81 R based data organization and visualization

Tengteng Tao

81.1 Introduction

In this cheat sheet, I conclude all the important functions we have used in the past two graded homeworks. The whole cheat sheet has two sections. In the first section, all functions related to plotting will be listed. In the second section, all functions which are helpful in organizing data will be mentioned.

81.2 Plots and their corresponding codes

81.2.1 Box plots

To create box plots, we use the function geom_boxplot() from the ggplot2. The basic function is

ggplot(dataframe, aes(y = TheColumnForYaxis , x = TheColumnForXaxis ))+ geom_boxplot()

The example used data fastfood from the openintro package. I used the data calories and restaurant to make the box plot. In addition,to make sure the plot is intuitive enough, the plot is ordered by the mean value from high to low.

df <- openintro::fastfood
ggplot(df, aes(x = reorder(restaurant, calories, median), y = calories))+
geom_boxplot()+
coord_flip()+
xlab("")+
theme_grey(14)

81.2.2 Histograms

In this section, I will introduce the two ways to make histograms. Examples used data mtl from package openintro The first way is plotting with base R. We can simply use function hist() like

hist(datafram$TheColumnYouWantToPlot)

df <- openintro::mtl
hist(df$asubic, col = "lightblue",  xlab = "asubic", main = "Histogram of asubic based on R")
The second way is using ggplot2. The thing needed to be noticed is that the bin number is default on 30 for any data set. Acoordingly, for a more intuitive plot, we always need to change the bins’ number. The basic function is:

ggplot(datafram, aes(TheColumnYouWantToPlot))+ geom_hist()

ggplot(df, aes(asubic))+
  geom_histogram()+stat_bin(bins = 9)+
  ggtitle("Histogram of asubic based on ggplot")

81.2.3 Density curves

To create density curves, we use geom_density from ggplot2. Basic function is:

ggplot(dataframe, aes(x=TheColumnYouWantToPlot))+ geom_density()

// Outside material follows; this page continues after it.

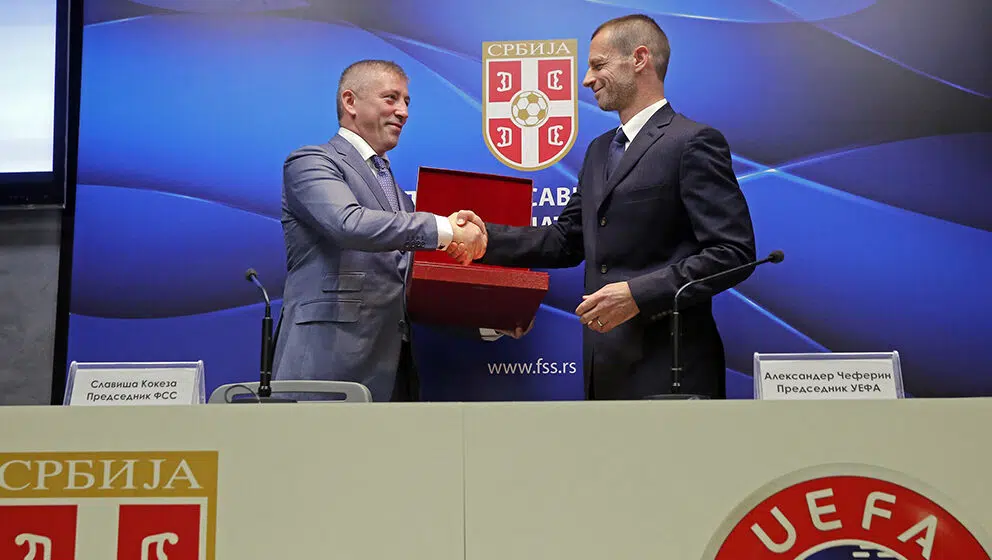 Predsednik UEFA Aleksander Čeferin i Slaviša Kokeza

The data we used for example here is the astralia soybean from the agridat package.

df <- agridat::australia.soybean
ggplot(df, aes(x = yield))+
  geom_density(alpha = .2, color = "blue")+  
  theme_grey(14)

81.2.4 Normal curves

To create normal curves, we need use stat_function(fun = dnorm, args = list(mean, sd)). The basic function is:

ggplot(dataframe, aes(x=TheColumnYouWantToPlot))+ stat_function(fun = dnorm, args = list(mean = mean(TheColumnYouWantToPlot), sd = sd(TheColumnYouWantToPlot)))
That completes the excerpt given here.